El debate energético ya no es solo un asunto técnico: es una cuestión que define el futuro del planeta, la economía y la política internacional. El mundo se encuentra en un punto de inflexión, con las energías renovables creciendo a gran velocidad y los combustibles fósiles todavía dominando gran parte del consumo global.

Durante décadas, el carbón, el petróleo y el gas natural han sido la base del crecimiento económico. Sin embargo, los costes ambientales son cada vez más evidentes: emisiones contaminantes, calentamiento global y tensiones geopolíticas en torno a los países productores.
Frente a ello, las renovables —solar, eólica, hidroeléctrica y, en menor medida, la geotérmica o la biomasa— se presentan como la alternativa más sólida. Según la Agencia Internacional de Energía, la capacidad renovable instalada crecerá más en los próximos cinco años que en las últimas dos décadas juntas.
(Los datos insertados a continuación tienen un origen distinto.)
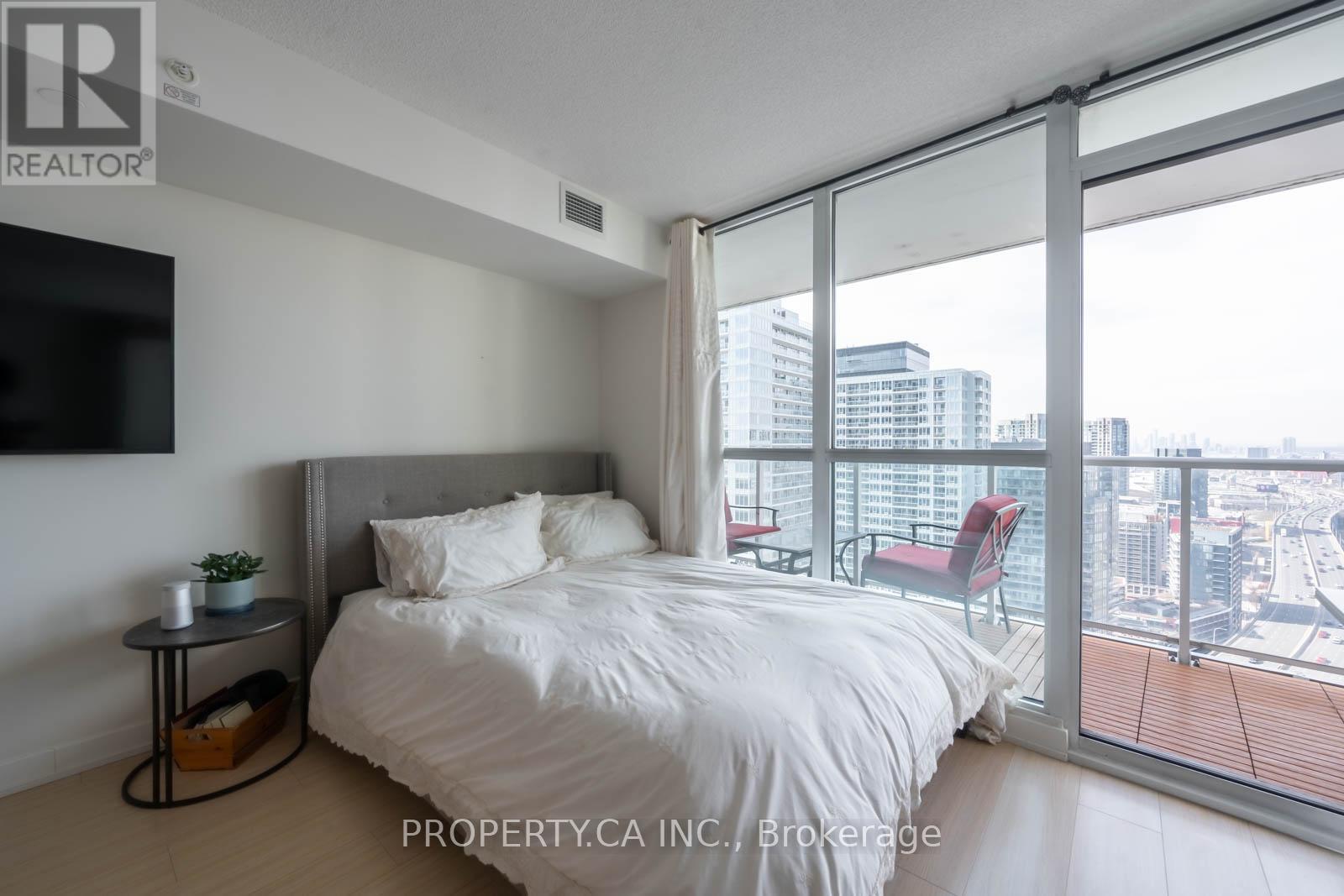 3809 - 75 Queens Wharf Road, Toronto, Ontario  M5V 0J9 - Photo 3 - C12791808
El precio de la tecnología también ha cambiado las reglas del juego. Hoy, instalar paneles solares o aerogeneradores es mucho más barato que hace solo diez años, lo que facilita su expansión en países desarrollados y en economías emergentes.
No obstante, los retos siguen siendo enormes. La intermitencia de la energía solar y eólica obliga a invertir en almacenamiento, mientras que la demanda mundial de electricidad no deja de crecer. Además, la transición energética implica cambios sociales profundos: desde la reconversión de empleos hasta el acceso equitativo a la energía en países con menos recursos.
En este escenario, el futuro no parece ser un todo o nada. Durante años convivirán fósiles y renovables, aunque la balanza ya empieza a inclinarse hacia estas últimas. El verdadero desafío será hacerlo de forma justa y sostenible, para que el cambio no deje a nadie atrás.